15th April 1830.

Dear Mary—If you do me the favour to see Murray, I know not how far you can utter the following things; or if you do, how far they will have any weight with his highness; yet I cannot but wish you should have them in your mind.

The book I offer is a collection of ten new and interesting truths, illustrated in no unpopular style. They are the fruit of thirty years’ meditation (it being so long since I wrote the Enquirer), in the full maturity of my understanding.

The book, therefore, will be very far from being merely one book more added to the number of books already existing in English literature. It must, as I conceive, when published make a deep impression, and cause the thinking part of the public to perceive—There are here laid before us ten interesting truths never before delivered.

Whether it is published during my life or after my death it is a light that cannot be extinguished—“the precious life-blood of a discerning spirit, embalmed and treasured up on purpose to a life beyond life.”
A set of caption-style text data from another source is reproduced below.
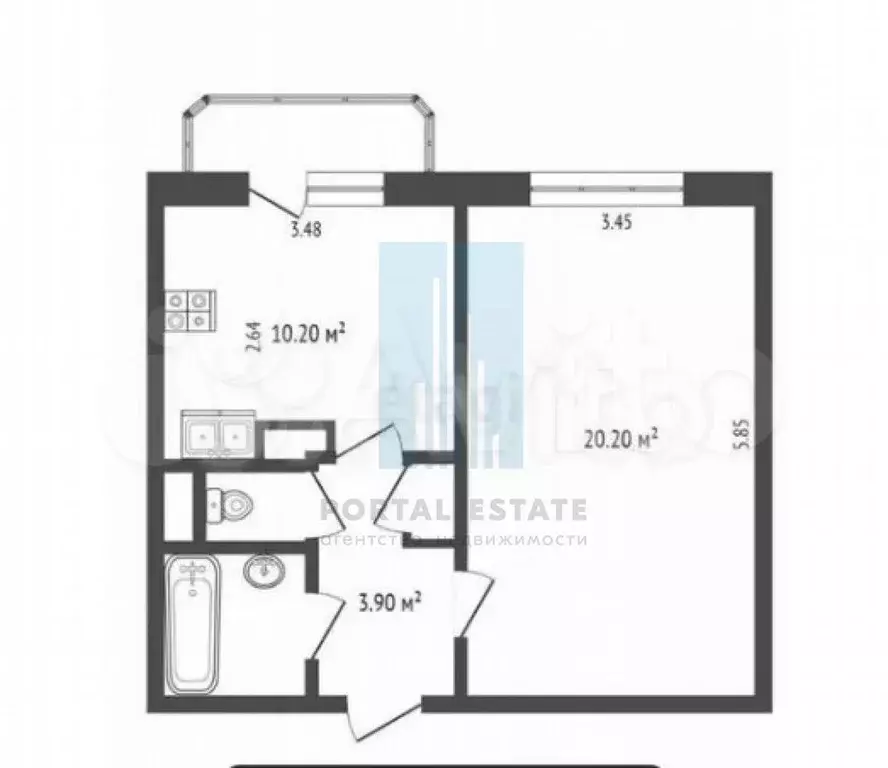 1-к. квартира, 40 м, 17/21 эт. - Фото 0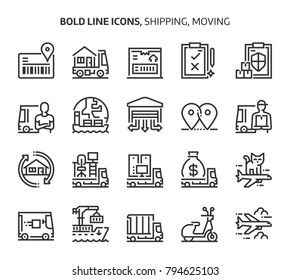 Shipping and moving, bold line icons. The illustrations are a vector, editable stroke, 48x48 pixel perfect files. Crafted with precision and eye for quality.
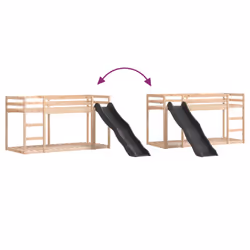 vidaXL Bunk Bed with Slide and Ladder Loft Bed Frame 90x200 cm Solid Wood Pine - Additional view 7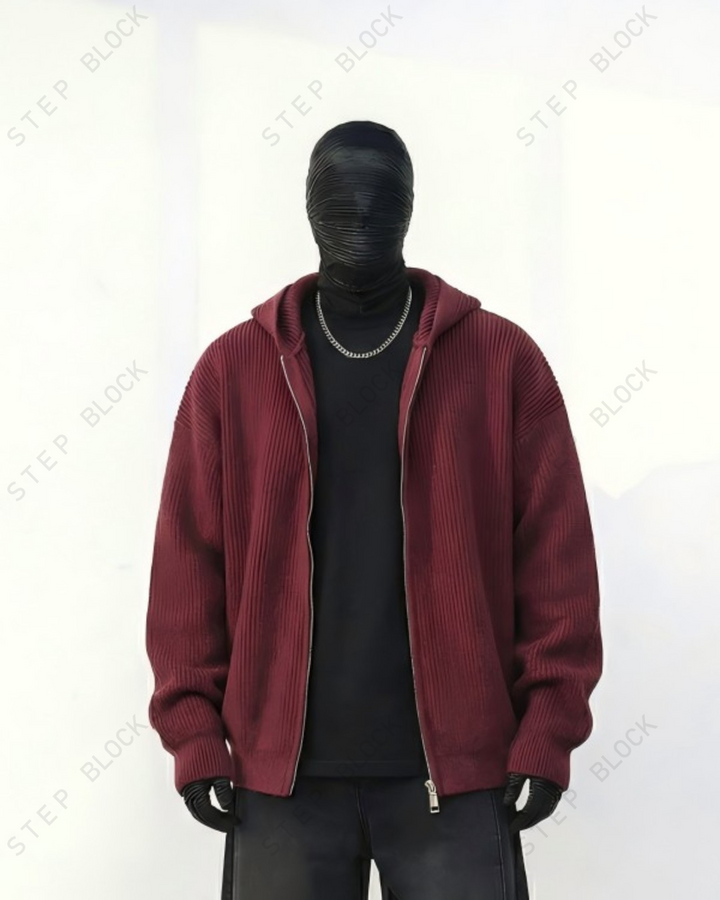 STEP BLOCK ST023 Oversized Full-Zip Knit Hoodie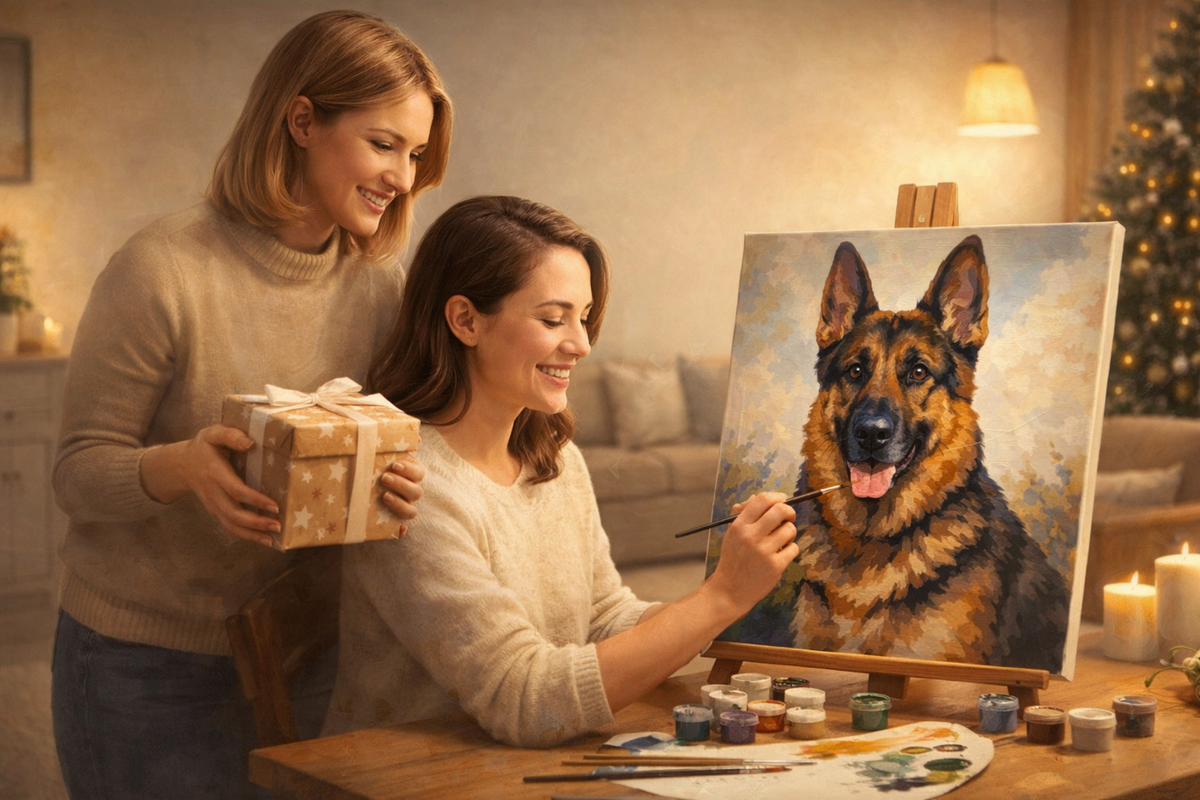 Person paints a personalized Pictumira Paint by Numbers picture as a gift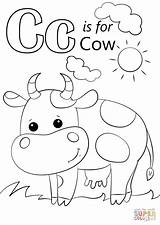 Coloring Letter Cow Pages Printable Preschool Alphabet Color Crafts Letters Worksheets Toddlers Print Supercoloring Farm Activities Colouring Toddler Preschoolers Theme sketch template
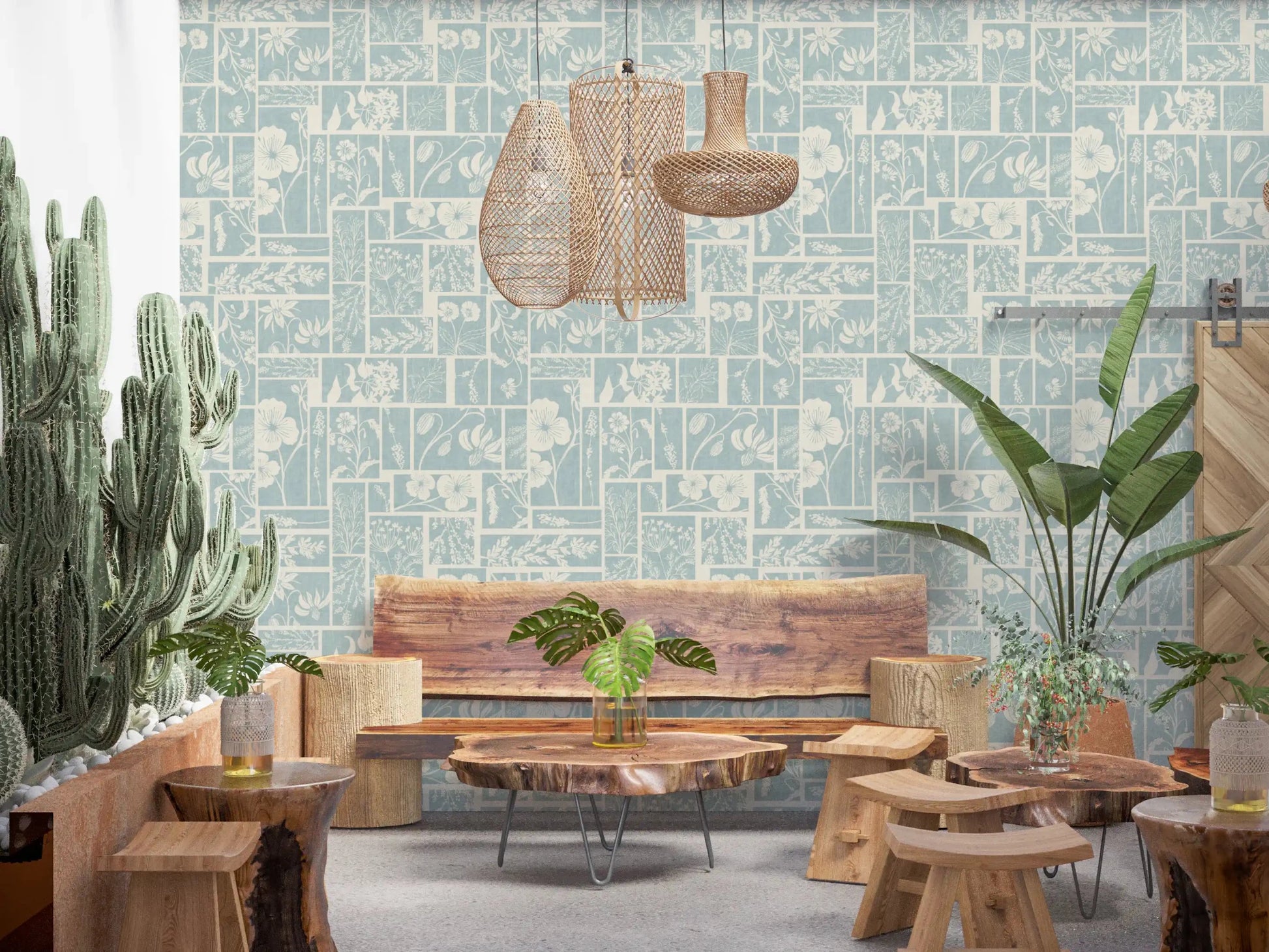 Botanical tile design wallpaper adding texture to cozy cafe setup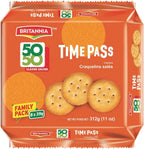 Britannia Time Pass Classic Salted Biscuits | Family Pack- 312 GM(11 oz)- 8 * 39gm | Light & Crispy Snack Perfect Tea-Time Treat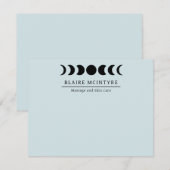 Moderne lichtblauwe maan fasen elegant notitiekaartje (Voorkant / Achterkant)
In the following amusing letter Clare gives Mary a few commissions. She was to interest her literary acquaintance in Paris in the publication and success of a French poem by a friend of Clare’s at Moscow, the greatest wish of whose heart was to appear in print. She was also to find a means of preventing the French translatress of Moore’s Life of Byron from introducing Clare’s name into her elucidatory footnotes. This was indeed all-important to Clare, as any revival of scandal about her might have robbed her of the means of subsistence, but it was also an extremely difficult and delicate task for Mary. But no one ever hesitated to make her of use. Her friends estimated her power by her goodwill, and her goodwill by their own need of her services; and they were generally right, for the will never failed, and the way was generally found.

Clare to Mrs. Shelley.

Nice, 11th December 1830.

My dear Mary—Your last letter, although so melancholy, gave me much pleasure, merely, therefore, because it came from you.

I intended to have written to all and each of you, but until now have not been able to put my resolution into execution. It must seem to you that I am strangely neglectful of my friends, or perhaps you think since I am so near Trelawny that I have been taking a lesson from him in the art of cultivating one’s friendships; but neither of these is the case, my silence is quite on another principle than this.